Вот-вот придет Лили. Придется его отпихнуть. Я уже приготовился ринуться прямо на эльфа, но тут Санта вытянул голые руки, схватил эльфа за плечи, притянул к себе и поцеловал.
Путь был свободен. И я выскочил из кабинки. Бросив взгляд в большое зеркало раздевалки, на ходу нацепил бороду. Большевата, но сойдет.
– Санта, ты всегда был в моем сердце! – донеслось из четвертой кабинки, пока я бежал к своему трону.
В деревушке Санты меня ждал Бенни. Он должен был играть сегодня самую опасную и рискованную роль. Следующие десять минут Бенни предстояло прикидываться менеджером-стажером «Мэйсис» и говорить родителям, что у Санты на этом этаже перерыв на туалет и им стоит обратиться к другому Санте со второго этажа. У него даже не было бейджика – лишь папка-планшет и суровая физиономия. («Если у тебя в руках планшет, тебе никогда не скажут «нет», – уверил он меня. – С помощью этой штуки я смог попасть за кулисы к Адель, что уж говорить об этой Санта-пантомиме».)
Я пошарил под санями Санты и схватил колпак. Зеркала поблизости не было, поэтому я использовал мобильный, чтобы привести себя в полный порядок. И настолько увлекся, что заметил маленького мальчика, только когда он сказал:
– Санта, зачем ты делаешь селфи?
– Заскучал, пока ждал тебя, – ответил я, размышляя: «Как ты прошмыгнул мимо Бенни, мелкий?»
Ответ: детям плевать на папки-планшеты.
Мальчишка без колебаний забрался мне на колени.
Ладно. Сделаем это.
– Как тебя зовут? – спросил я.
– Макс.
– Ты шалил в этом году или был послушным?
В его глазах отразились мысленные расчеты.
– Был послушным, – решительно заявил он, просчитав, какой ответ приведет к подаркам.
– Хорошо. Это все, что мне нужно знать. Счастливого Рождества!
Макс, однако, не шевельнулся.
– Таннер из моего класса говорит, что ты не настоящий.
– Но я же здесь, прямо перед тобой, – заметил я. Нет, неправильно это как-то. Пусть я не солгал, но уклонился от прямого ответа. Макс заслуживал лучшего.
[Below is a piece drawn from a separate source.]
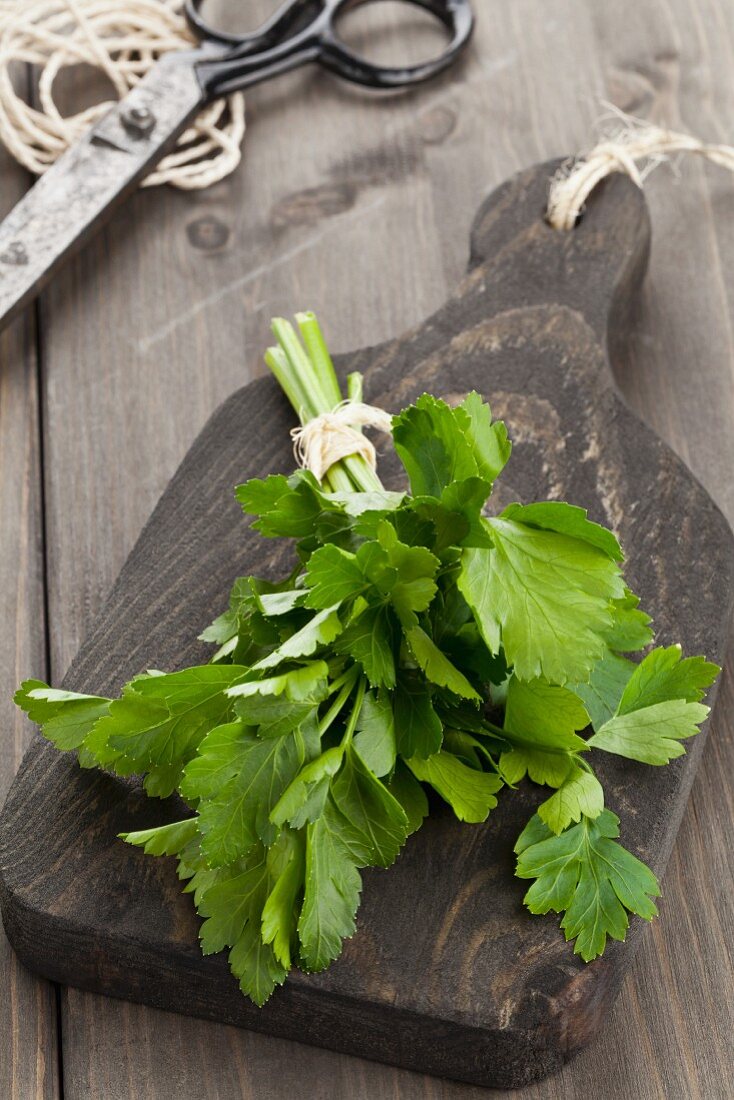 A bunch of smooth parsley on a wooden board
– Послушай, Макс. Очень тебя прошу, запомни одну вещь: важно не то, живу ли я на самом деле на Северном полюсе и приношу ли тебе подарки на Рождество. Такие люди, как Таннер, сейчас говорят тебе, что я – выдумка, а когда ты повзрослеешь, назовут выдумкой другие вещи. Знаешь, как отвечай на это? «И что?» Прямо так им и говори. Поскольку в конце дня не важно, правдива история или нет. Важно то, сколько чувств ты в нее вложил. Сколько любви. И если выдумка оживает, значит, кто-то оживил ее для тебя. А на это требуется много времени и сил. И, да, придет время, когда ты увидишь: эта история – вымысел. Но намерения того, кто делал ее для тебя правдивой, – искренние. Как и его любовь.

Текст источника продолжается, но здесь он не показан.